You are viewing a plain text version of this content. The canonical link for it is here.
Posted to issues@metron.apache.org by "ASF GitHub Bot (JIRA)" <ji...@apache.org> on 2017/01/26 00:12:27 UTC
[jira] [Commented] (METRON-672) SolrIndexingIntegrationTest fails intermittently

    [ https://issues.apache.org/jira/browse/METRON-672?page=com.atlassian.jira.plugin.system.issuetabpanels:comment-tabpanel&focusedCommentId=15838867#comment-15838867 ] 

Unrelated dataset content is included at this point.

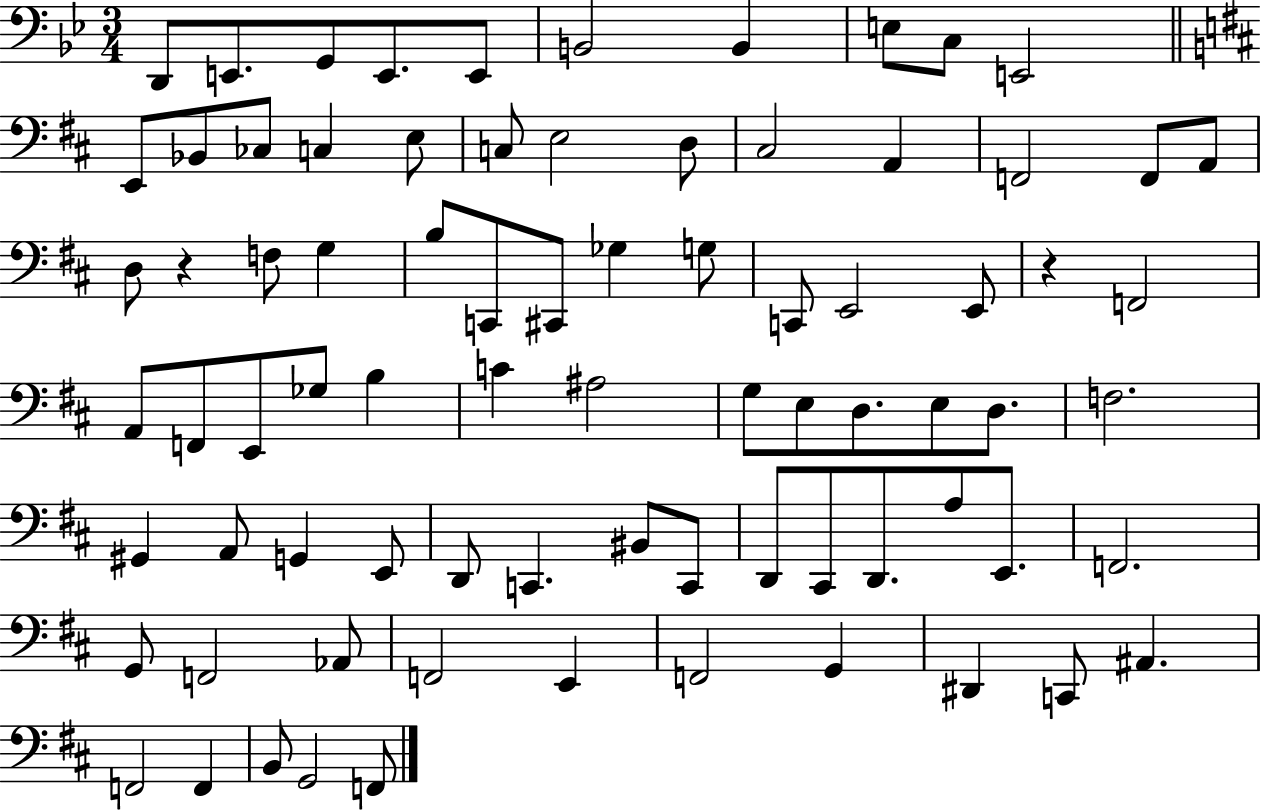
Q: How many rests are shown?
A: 2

ASF GitHub Bot commented on METRON-672:
---------------------------------------

GitHub user cestella opened a pull request:

    https://github.com/apache/incubator-metron/pull/424

    METRON-672: SolrIndexingIntegrationTest fails intermittently

    This failure is due to a change in default behavior when indexing was split off into a separate configuration file.  The default batch size was changed from `5` to `1` in particular.  This, by itself, is not a problem, but the `IndexingIntegrationTest` (base class for Solr and Elastic search integration tests):
    * submits the configs
    * starts the indexing topology
    * writes the input data
    
    The writing of the input data may happen before the topology fully loads or the configuration fully loads, especially if the machine running the unit tests is under load (like with travis).  As a result, the first record may end up with the default batch size (of 1) and write out immediately because the indexing configs haven't loaded into zookeeper just yet.  In that circumstance, eventually the configs load and the batch size is set to `5`.  Meanwhile we've written 10 records and are expecting 10 in return, but because you wrote the first out already and then the next 5, we have another 4 pending to be written by the `BulkMessageWriterBolt`.
    
    So, the failure scenario is as follows:
    * Message 1 is received and the indexing config hasn't loaded yet, so the batch size is 1 and it immediately gets written out
    * Message 2 - 5 are each received and the indexing config has loaded, so the batch size is 5 and it queues up
    * Message 6 is received and the batch writes out
    * Messages 7 - 10 are received, but never make a full batch, so we time out waiting for them to write out
    
    The fix is to ensure that we don't write out messages to kafka until the configs are loaded, which is what this PR does.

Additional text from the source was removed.